The term relates to artistic activity based in a community setting. The term was defined in the late 1960’s and spawned a movement which grew in the United States, Canada, the UK, Ireland, and Australia. Often community art is based in deprived areas, with a community-oriented, grassroots approach. Members of a local community will come together to express concerns or issues through an artistic process, and this may involve professional artists or actors or musicians.
Community art is often seen as the work of community arts centers. Visual arts, music and theater are common mediums in community arts centers.
“Creativity is dangerous. We cannot open ourselves to new insight without endangering the security of our prior assumptions. We cannot propose new ideas without risking disapproval and rejection. Creative achievement is the boldest initiative of mind, an adventure that takes its hero simultaneously to the rim of knowledge and the limits of propriety. Its pleasure is not the comfort of the safe harbor, but the thrill of the reaching sail.”
~ Robert Grudin, The Grace of Great Things: Creativity and Innovation
The journey toward our beauty is a magnificent struggle. Achieving an integrity between what we believe and how we live is a challenge worthy of the gift of life. A thousand obstacles stand between our selves and the honoring of our truth. A thousand distractions. (A thousand ego-generated delusions.) To dive down, find the beauty, nurture it and offer it to the world is magnificent. Staying with your beauty, your truth, your integrity is difficult, but out of these things comes meaning, and meaning is all-transcendent.

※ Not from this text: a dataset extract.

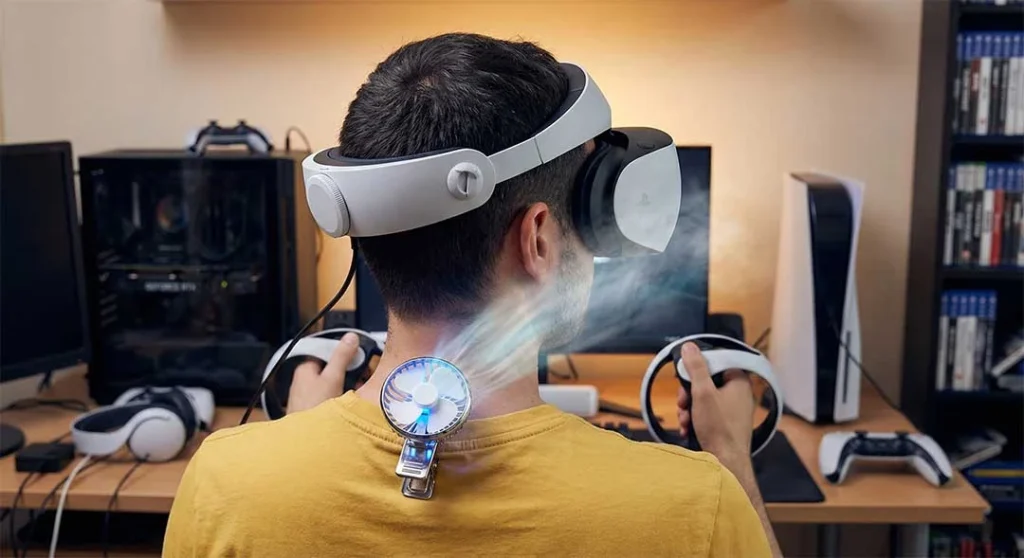 Gamer using a fan while playing PSVR2 to prevent fogging.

~ Roderick MacIver in “Journal Notes.”
Thanks to art, instead of seeing only one world and time period, our own, we see it multiplied and can peer into other times, other worlds which offer windows to other lives. Each time we enter imaginatively into the life of another, it’s a small step upwards in the elevation of the human race. Consider this: Where there is no imagination of others’ lives, there is no human connection. Where there is no human connection, there is no chance for compassion to govern. Without compassion, then loving kindness, human understanding, peace all shrivel. Individuals become isolated, and the isolated can turn resentful, narrow, cruel; they can become blinded, and that’s where prejudice, holocausts, terrorism and tragedy hover. Art–and literature–are antidotes to that.
~ Susan Vreeland
“In a time of mass shootings, refugee crises, and environmental degradation it is hard to speak of the need for art and creativity. One wonders what, if anything, they have to do with changing the heart-break of the world or serving a greater good than personal growth and pleasure. Yet why is it that those who would control and bully us feel threatened by musicians and artists and poets? How can we envision a better way if not by searching deep within the imagination and stirring creative reservoirs into a provocative, life-giving “re-presentation” of the world and our place in it? It seems important to tap these wellsprings for the sake of our own souls’ transformation. But it is also time to send these creative energies out into the world because we are in desperate need for resistance, for saying no to death and destruction, for boldly setting forth an agenda of life and love and respect. That these works are beautiful and inspiring and authentic is what arrests attention, what causes people to listen and see, to stop and think. We need soulful media, less rhetoric and more poetry, less shouting and more music. Photographers would say their draft is all about capturing the light. And we are all desperately in need of light. Annie Dillard speaks of the art of writing: “Why are we reading if not in hope that the writer will magnify and dramatize meaningfulness, and will press upon our minds the deepest mysteries, so we may feel again their majesty and power?”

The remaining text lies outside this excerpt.